In this eerie animation, a nuclear bomb hits a California town, and only one house is left standing, an automated house with robots. The people did not survive, but the robots who cook, clean, and take care of everything continue with their daily routines long after the humans are gone. Finally, the robots are also destroyed, by a fire.
In a haunting final scene, a bird comes along and plays a song on a record player in the remains of the house, and a narrator reads “There Will Come Soft Rains” by Sara Teasdale, which was written as a reference to World War I. In the original short story “There Will Come Soft Rains” by Ray Bradbury, we know that Sara Teasdale was “a favorite” poet of one of the homeowners, Mrs. McClellan.
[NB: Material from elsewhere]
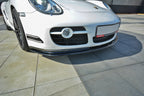 Lip delantero V.2 Porsche Cayman S 987C Mk1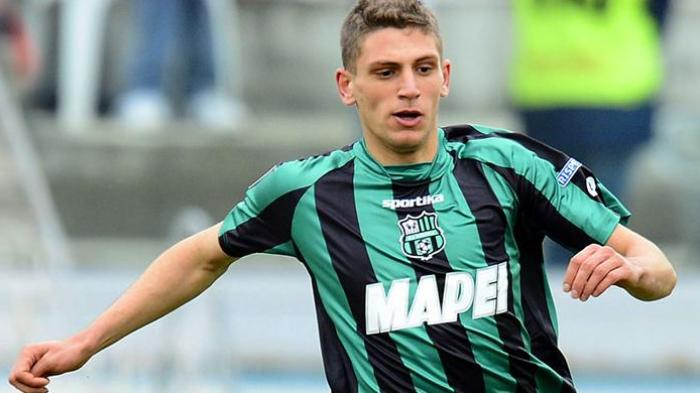 Striker Sassuolo, Domenico Berardi.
“There Will Come Soft Rains”
There will come soft rains and the smell of the ground,
And swallows circling with their shimmering sound;
And frogs in the pools singing at night,
And wild plum-trees in tremulous white;
Robins will wear their feathery fire
Whistling their whims on a low fence-wire;
And not one will know of the war, not one
Will care at last when it is done.
Not one would mind, neither bird nor tree
If mankind perished utterly;
And Spring herself, when she woke at dawn,
Would scarcely know that we were gone.
The Ray Bradbury story “There Will Come Soft Rains” was first published in the May 6, 1950 issue of Collier’s, and in The Martian Chronicles later the same year. The film was directed by Tulyahodzhayev Nazim, and it won the “Golden Dove” Award at the Leipzig International Festival for Documentary and Animated Films in 1984.